Kulturell hat das Land jedenfalls einiges zu bieten – mit fünf Unesco-Weltkulturerbestätten und einer beeindruckenden Mischung aus Stadt, Land und Natur, wie Schiller hervorhebt. Das Land sei auch für Frauen unkompliziert bereisbar, ein Verschleierungsgebot gebe es nicht. Neben Gruppenreisen seien auch individuelle Rundreisen gut machbar. "Wir geben für den Saudi-Arabien-Besuch explizit die Empfehlung einer Rundreisebuchung ab", unterstreicht Schiller. Aus gutem Grund: Zwar können Urlauber im geschützten Umfeld eintrittspreispflichtiger Beach Clubs ungestört in Badehose und Bikini am Strand liegen, doch die großen Beach-Projekte, etwa am Roten Meer, sind noch Zukunftsmusik.

Unesco-Welterbe und beeindruckende Landschaften

Insgesamt startet der Orient-Experte sein Saudi Arabien Angebot mit drei Rundreisen, die über vier oder acht Tage hinweg die Highlights des Königreichs abdecken sollen. Dazu zählen etwa die Hauptstadt Riad, Ha’il, bekannt als die Heimat der Dichter Arabiens, Jubbah mit Petroglyphen in Sandsteinfelsen und die Osasenstadt Al Ula.

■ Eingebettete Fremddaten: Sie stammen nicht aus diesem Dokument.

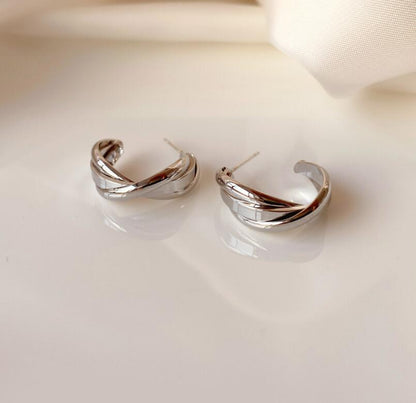 S925 Silver Needle Geometric Twisted Face Earrings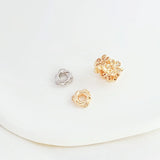 14K Copper Clad Zirconium Five Leaf Flower Necklace Bead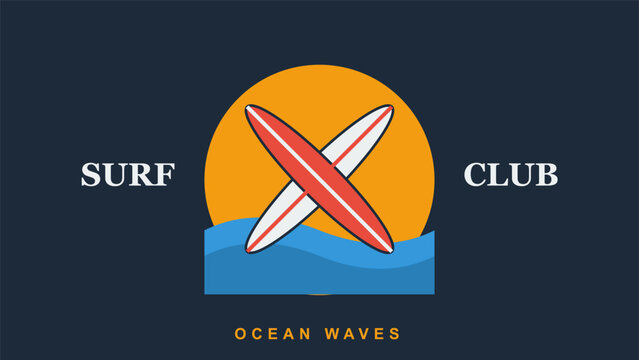 Vintage crossed surfboards summer beach typography apparel background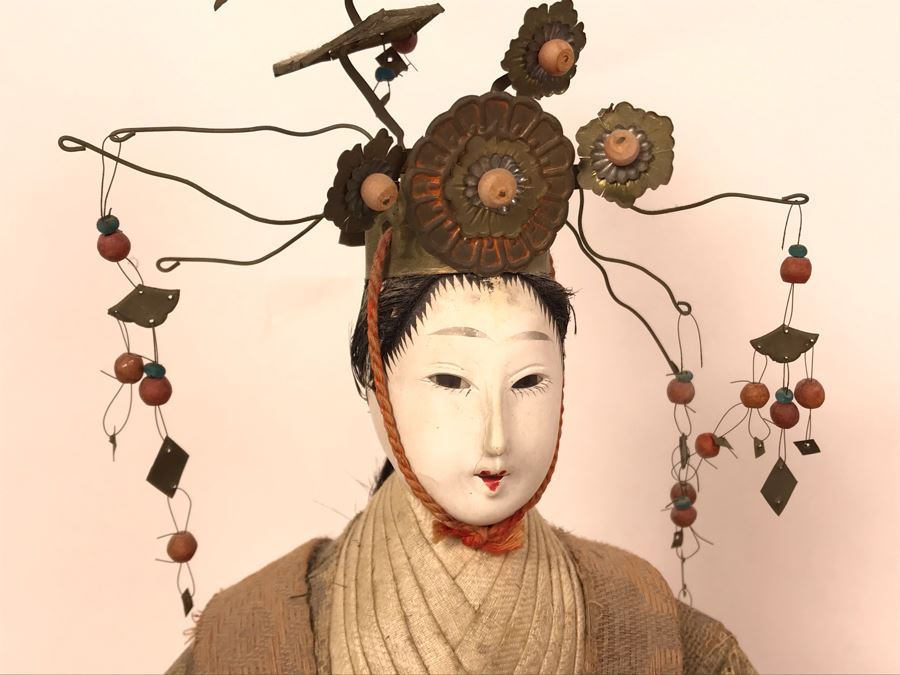 Pair Of Old Japanese Dolls 9.5H [Photo 10]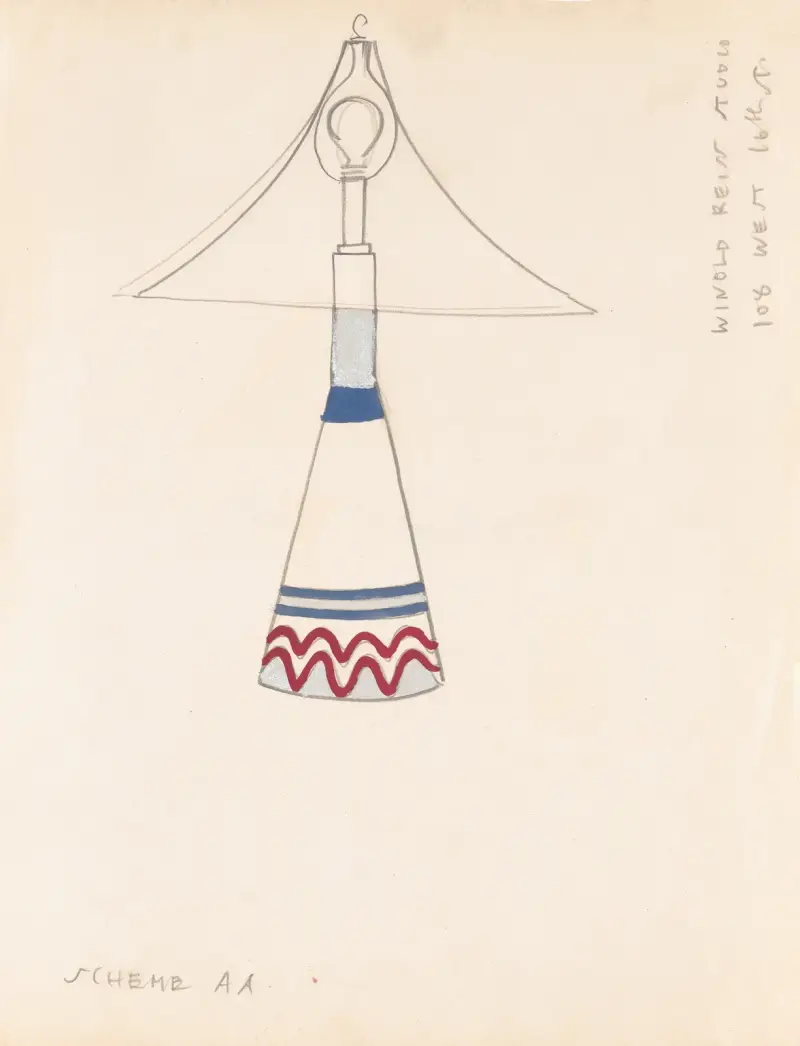 Designs for lamps with triangular shades.] [Design with white, red, and metallic silver av Winold Reiss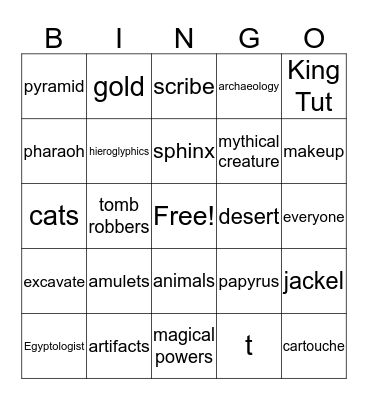 Dirt Detectives Review Game Bingo Card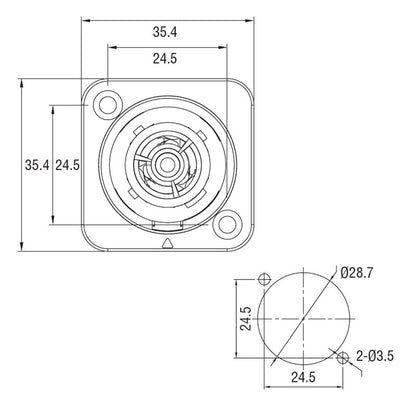 PL-3FPX - PL - 3 FPX Powerlead T1 Panel-Mount - Female, connector side detail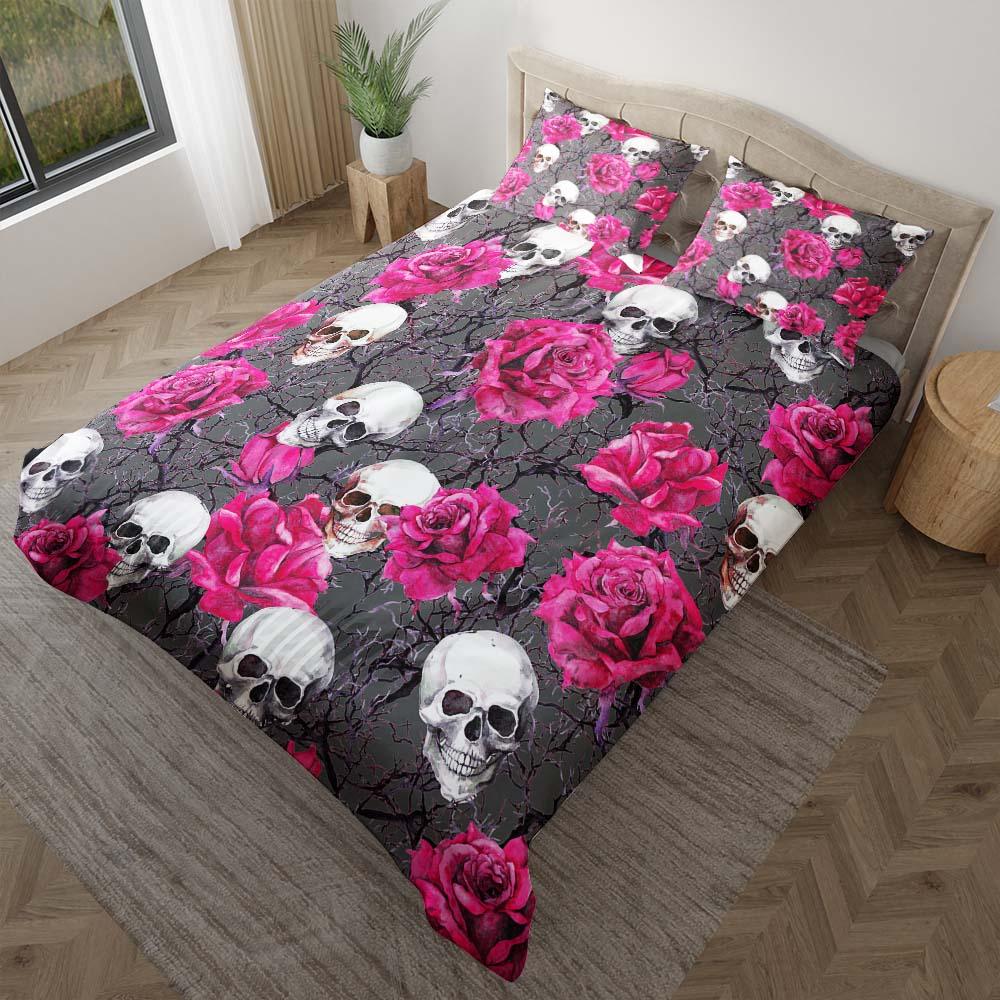 Skull And Pink Rose Pattern Dark Gray Duvet Cover Set - Wonder Skull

Hegra ist bekannt für die Grabmonumente der Nabatäer; und eine beeindruckende Landschaft mit dem Leopardenpfad und dem Elephant Rock. Die Altstadt von Jeddah am Roten Meer zählt mit ihren eleganten Turmhäusern zum Unesco Weltkulturerbe, zudem befindet sich hier die "schwimmende" Al Rahmah Moschee. Eine dritte Rundreise im FTI-Programm widmet sich mit Ägypten, Jordanien und Saudi-Arabien gleich drei Ländern.

Obwohl Saudi-Arabien in Sachen Tourismuswerbung seit einigen Monaten international schwer aktiv ist, müsse FTI bei Kunden und am Counter einige Überzeugungsarbeit leisten, weiß Schiller. Zum Start soll vom 17. Januar eine E-Mag Reisewelt zu Saudi Arabien unter travelMag.fti.com bzw. eMag.fti.com bereitgestellt werden. Für den Counter ist zudem am 20. Januar um 08:30 Uhr ein Webinar zu Saudi Arabien geplant. Anmeldungen sind bis zum Veranstaltungsbeginn auf den FTI-Service-Seiten möglich. In Kürze werde außerdem eine FTI Academy Schulung zu Saudi Arabien folgen, kündigt der Veranstalter an.